Pastel
(Evelyn Grabin Herbstrith)
Ele continuava comendo o
pastel. Um daqueles pastéis sebosos, tipo de rodoviária, do tamanho de um
prato. Mordida após mordida ele tornava-se mais e mais insaciável e o pastel
parecia cada vez menos suficiente. A gordura pingava na mesa de plástico, essas
da Pepsi-Cola, forrando-a como uma toalha gordurosa. Ela colocou a mão delicada
na coxa dele e sugeriu:
- Amor, talvez a gente devesse conversar...
Ele a ignorou. Não de uma
maneira bruta, ele não era assim, mas com um simples gesto da mão, que indicava
que ele precisava acabar o pastel. Como se o pastel fosse uma espécie de
digestor da conversa, era ele mesmo que sempre dizia que não se deve discutir
de barriga vazia ou de cabeça quente... Se bem que de boca cheia também não era
uma boa ideia. Ele seguia comendo o pastel em um alvoroço inacreditável –
estaria ela passando vergonha até ali naquele botequim? - e, por isso,
Amandinha contentou-se em juntar as azeitonas e ovos despedaçados e caídos ao
redor do prato. Percebeu, olhando no olhar dele, diria ela mais vazio do que
nunca, que ele não estava postergando a conversa, mas somente com fome.
- Tudo bem... – ela deu um
risinho e finalmente concordou.
Quando ele terminou seu pastel
(e como fora grande esse pastel), limpou as mãos em um “espalhanapo”,
esfregou-as na calça, analisou-as brevemente e pegou as de Amanda com o seu
jeito estranho e um pouco grotesco de dar carinho.

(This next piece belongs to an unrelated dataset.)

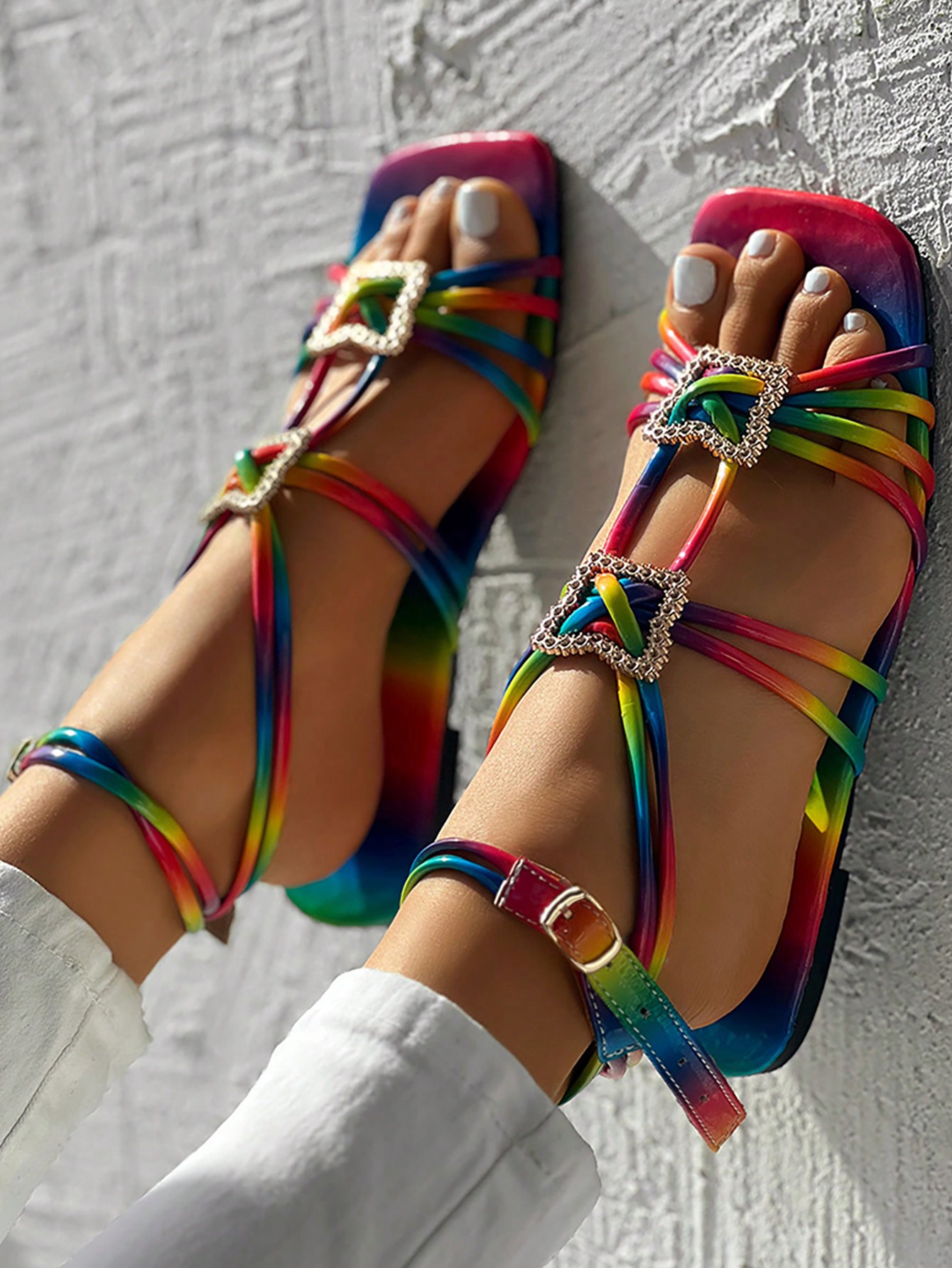 Women's Flat Gold Metal Strap Sandals, Metal Buckle Ankle Strap Design Vacation Beach Shoes, Summer Open Toe Heels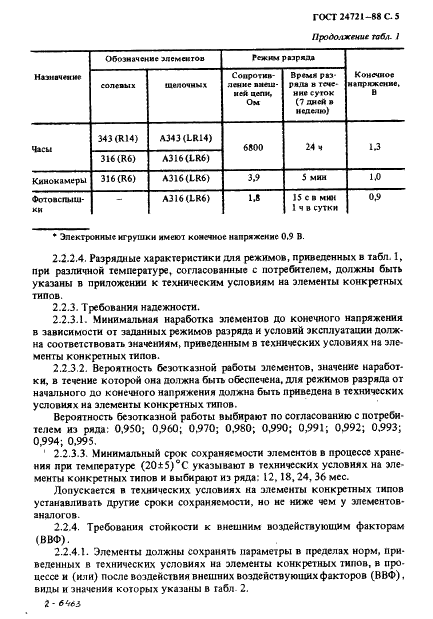 ГОСТ 24721-88 Элементы марганцево-цинковые цилиндрические. Общие технические условия (фото 6 из 28)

- Fala, Mandinha, estou pronto
pra ouvir você.
- Bem... – ela pensou em fazer
uma pausa dramática - faztempoqueeuvenhopensandonissomasvocêsabecomoeusoueunãoconsigoesconderascoisaspormuitotempoentãoeurealmenteacheimelhorelaborarumjeitodetefalarissosemmuitosrodeiossabeporqueeuseiquevocênãogostadissoe…
- Mandinha, fala.
Era sempre assim. Em casa tudo
parecia extremamente coerente, enquanto ela repetia com a voz esganiçada as
palavras em frente ao espelho. Uma auto-confiança bem peculiar, contudo, no fim
das contas, ela acabava enrolando e criando todo um caso ao redor do que era
totalmente trivial. Nem tão trivial assim, sabe como o amor é para os jovens,
mas não custaria tanto a falar.
- Mandinha? – ele indagou-a com
os olhos também, apertou as suas mãos como um estímulo para que falasse logo.
Ela podia sentir o óleo ensebando suas mãos.
- Eu te amo!
As palavras saíram duras de sua
boca, mais altas do que o planejado e talvez um pouco mais estridentes que o
normal, e ela sentiu como se, naquele exato instante, a ligação entre os dois tivesse
ficado muda, os créditos do orelhão haviam acabado – ou haveria o outro soltado
o telefone?. Ela esperou alguma reação. Ele coçou a barriga por baixo da
camiseta e manteve os olhos duvidosos mirando os dela. Ela esperava, no mínimo,
que ele agradecesse se não fosse retribuir o sentimento, pois se ele apenas
agradecesse ela poderia ir embora menos mal-amada e transtornada, precisaria
comer menos chocolates, apenas uma caixa de bombons quem sabe.
Mas, e se nem isso ele fizesse?
Ou se pior, recusasse todo amor que ela tinha para dar? Achasse o sentimento
asqueroso... Ela já estava transtornada. Procurava não pensar nisso, sua mãe
dizia que pensamento negativo atrai coisas ruins, que ela devia imaginar como
se ele já estivesse falando que também a ama e talvez até escolhessem os nomes
dos filhos naquela mesma noite.
- Nossa, Mandinha… – ele
hesitou por fim.
- Sim? – ela pressionou
esperançosa, quase como uma pedinte, enquanto era desconfortavelmente
interrompida por um enorme ronco.
Então, aconteceu. De uma
maneira inevitável, quando ele abriu a boca novamente tudo veio à tona. Tudo. O
pastel e a carne moída e o ovo e a azeitona e a salsinha e uns respingos de
óleo turvo. Assim, em cima da mesa, esparramados com a jura de amor de Amandinha.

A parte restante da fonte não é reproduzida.